RDA Dataset Maintenance

Creating a new dataset

  1. Use the Metadata Manager to add a new dataset.The Metadata Manager is linked from the top-level page of the DECS Internal web, as well as under the "Tools" tab in the DECS Internal web. When you add a new dataset, you will reserve the new dataset number and create a shell metadata profile, which you can come back and complete later. A dataset home page will NOT be created at this point.
  2. Archive the data files using dsarch and generate content metadata (see About Data File Content Metadata below) at the same time. See the dsarch documentation for complete information on dsarch usage. Run "gatherxml -showinfo" at the command line to see a list of all file-content-metadata-generating utilities and the supported formats. If your dataset has an unsupported format and there are many files and/or the dataset will be continually updated, please ask Bob to add support for the format.
  3. Go back to the Metadata Manager and fill in the dataset metadata (see this guide for help with the Metadata Manager). If you have generated content metadata for your data files, you will be able to specify the GCMD science keywords in one step from the content metadata rather than manually, and several other fields (dataset period, data format, etc.) will not even show because they will have already been filled for you from the content metadata.

Maintaining an existing dataset

  • You can update the dataset-level metadata at any time with the Metadata Manager. You can enter from the Metadata Manager home page or you can go to the internal dataset web page and click the "Edit" link in the upper right. Next to the edit link, you will also see a "History" link that will allow you to view the history of dataset metadata changes.
    • Content metadata can be generated, renamed or deleted for a data file at any time. It is most efficient to generate content metadata at the time of archiving, and dsarch will automatically call the appropriate content metadata utility for the action being perfomed on the data file.
      • For manual operation of the utilities, see About Data File Content Metadata below.
      • To see a content metadata summary for a dataset, go the the Metadata Manager home page, and on the right, select the dataset from the "View a Metadata Summary for Dataset" pull-down menu.

Data file lists

There are currently two types of data file lists: static and dynamic, and they are generated for both MSS and Web files.

  • Static list:
    The static list is a specialist-controlled file list generated from the information in the RDADB. It is called a "static" list because it is presented in only one way. A user can't interact with the list and change how the information is presented. You can manage the static list information with dsarch.
  • Dynamic list:
    The dynamic list is a user-controlled filed list generated mainly from data file content metadata, but also from some other information in the RDADB. It is called a "dynamic" list because depending on the selections a user makes, the file list will be presented in different ways. Other than using the -GX option in dsarch or generating data file content metadata manually, the group information for the dataset is the only information you can actively manage for the dynamic file list.

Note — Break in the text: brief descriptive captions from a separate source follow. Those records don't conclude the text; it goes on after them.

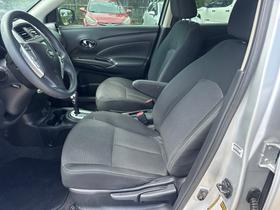 Nissan Versa Sedan  2019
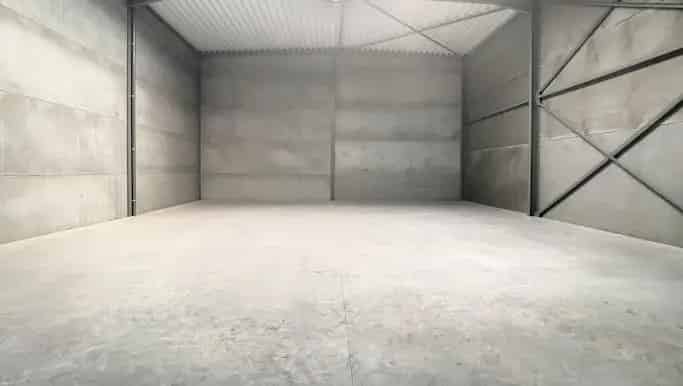 Magazijn te koop Beveren Leie 225m²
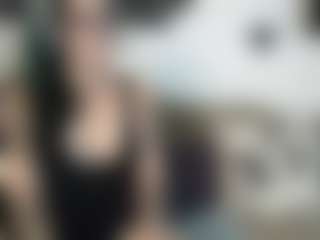 Live cam show with MissyDee - Findomme on Milf Play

Why are there two types of lists?There are two types of lists because currently not all datasets have content metadata for their data files, and some datasets may never have content metadata. For datasets that do have content metadata, both the static and dynamic lists are presented as options to the user. The reason for this is that when the dynamic list was first developed, it only displayed the data files for which content metadata had been generated. For some datasets, not all data files have content metadata, and so the dynamic list was "incomplete". The dynamic list now includes all of the data files for a dataset, but if a user "customizes" the dynamic list, the resulting customized list will only show data files that have content metadata, since content metadata are the basis on which the lists can be customized.
How are the lists generated?

  • The Static list is generated by calling publish_filelist. Run the utility with no arguments to get usage information.
  • The Dynamic list is generated automatically when you generate content metadata for a data file. So if you have a dataset with 100 files and you only generate content metadata for one of those files, you will still get a dynamic list. This list will contain ALL of the MSS primary (type P) or Web data (type D) files for the dataset, unless the user customizes the list.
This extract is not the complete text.